* What needs to be done: Go to the line that includes "富光保溫杯彈跳蓋杯子316L" and retype it, then every line after it to the end of the data, adding nothing.

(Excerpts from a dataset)
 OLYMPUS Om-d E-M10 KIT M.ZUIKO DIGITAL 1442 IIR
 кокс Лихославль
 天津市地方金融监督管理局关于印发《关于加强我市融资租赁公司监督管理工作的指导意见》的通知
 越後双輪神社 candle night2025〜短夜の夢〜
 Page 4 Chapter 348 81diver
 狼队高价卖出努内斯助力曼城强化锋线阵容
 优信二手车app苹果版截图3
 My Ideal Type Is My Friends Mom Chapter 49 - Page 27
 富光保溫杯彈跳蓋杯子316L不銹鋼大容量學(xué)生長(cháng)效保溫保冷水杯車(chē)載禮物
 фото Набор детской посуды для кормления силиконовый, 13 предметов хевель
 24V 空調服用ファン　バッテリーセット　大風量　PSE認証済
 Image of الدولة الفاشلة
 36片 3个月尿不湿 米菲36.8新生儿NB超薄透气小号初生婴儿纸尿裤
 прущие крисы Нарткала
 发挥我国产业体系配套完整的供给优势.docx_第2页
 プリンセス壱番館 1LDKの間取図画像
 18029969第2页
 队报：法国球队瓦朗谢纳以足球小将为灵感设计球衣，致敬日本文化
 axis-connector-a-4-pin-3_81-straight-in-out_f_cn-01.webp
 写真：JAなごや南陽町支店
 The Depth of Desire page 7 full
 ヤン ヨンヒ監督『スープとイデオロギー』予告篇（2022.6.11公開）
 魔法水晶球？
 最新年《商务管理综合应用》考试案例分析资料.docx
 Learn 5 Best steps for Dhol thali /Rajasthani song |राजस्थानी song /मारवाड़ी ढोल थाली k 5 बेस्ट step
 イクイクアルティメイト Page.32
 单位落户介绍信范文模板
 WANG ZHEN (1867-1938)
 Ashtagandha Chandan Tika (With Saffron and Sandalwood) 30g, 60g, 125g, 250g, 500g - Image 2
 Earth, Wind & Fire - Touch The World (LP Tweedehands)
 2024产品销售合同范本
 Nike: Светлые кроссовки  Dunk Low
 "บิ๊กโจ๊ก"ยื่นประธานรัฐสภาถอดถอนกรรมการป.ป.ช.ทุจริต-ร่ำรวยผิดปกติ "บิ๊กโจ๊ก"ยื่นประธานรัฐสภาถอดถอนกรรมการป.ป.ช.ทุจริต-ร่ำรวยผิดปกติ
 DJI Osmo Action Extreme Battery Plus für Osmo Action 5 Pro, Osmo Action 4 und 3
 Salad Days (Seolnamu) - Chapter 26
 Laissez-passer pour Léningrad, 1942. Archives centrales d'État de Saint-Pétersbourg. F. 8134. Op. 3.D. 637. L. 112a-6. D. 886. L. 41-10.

* Answer:
 富光保溫杯彈跳蓋杯子316L不銹鋼大容量學(xué)生長(cháng)效保溫保冷水杯車(chē)載禮物
 фото Набор детской посуды для кормления силиконовый, 13 предметов хевель
 24V 空調服用ファン　バッテリーセット　大風量　PSE認証済
 Image of الدولة الفاشلة
 36片 3个月尿不湿 米菲36.8新生儿NB超薄透气小号初生婴儿纸尿裤
 прущие крисы Нарткала
 发挥我国产业体系配套完整的供给优势.docx_第2页
 プリンセス壱番館 1LDKの間取図画像
 18029969第2页
 队报：法国球队瓦朗谢纳以足球小将为灵感设计球衣，致敬日本文化
 axis-connector-a-4-pin-3_81-straight-in-out_f_cn-01.webp
 写真：JAなごや南陽町支店
 The Depth of Desire page 7 full
 ヤン ヨンヒ監督『スープとイデオロギー』予告篇（2022.6.11公開）
 魔法水晶球？
 最新年《商务管理综合应用》考试案例分析资料.docx
 Learn 5 Best steps for Dhol thali /Rajasthani song |राजस्थानी song /मारवाड़ी ढोल थाली k 5 बेस्ट step
 イクイクアルティメイト Page.32
 单位落户介绍信范文模板
 WANG ZHEN (1867-1938)
 Ashtagandha Chandan Tika (With Saffron and Sandalwood) 30g, 60g, 125g, 250g, 500g - Image 2
 Earth, Wind & Fire - Touch The World (LP Tweedehands)
 2024产品销售合同范本
 Nike: Светлые кроссовки  Dunk Low
 "บิ๊กโจ๊ก"ยื่นประธานรัฐสภาถอดถอนกรรมการป.ป.ช.ทุจริต-ร่ำรวยผิดปกติ "บิ๊กโจ๊ก"ยื่นประธานรัฐสภาถอดถอนกรรมการป.ป.ช.ทุจริต-ร่ำรวยผิดปกติ
 DJI Osmo Action Extreme Battery Plus für Osmo Action 5 Pro, Osmo Action 4 und 3
 Salad Days (Seolnamu) - Chapter 26
 Laissez-passer pour Léningrad, 1942. Archives centrales d'État de Saint-Pétersbourg. F. 8134. Op. 3.D. 637. L. 112a-6. D. 886. L. 41-10.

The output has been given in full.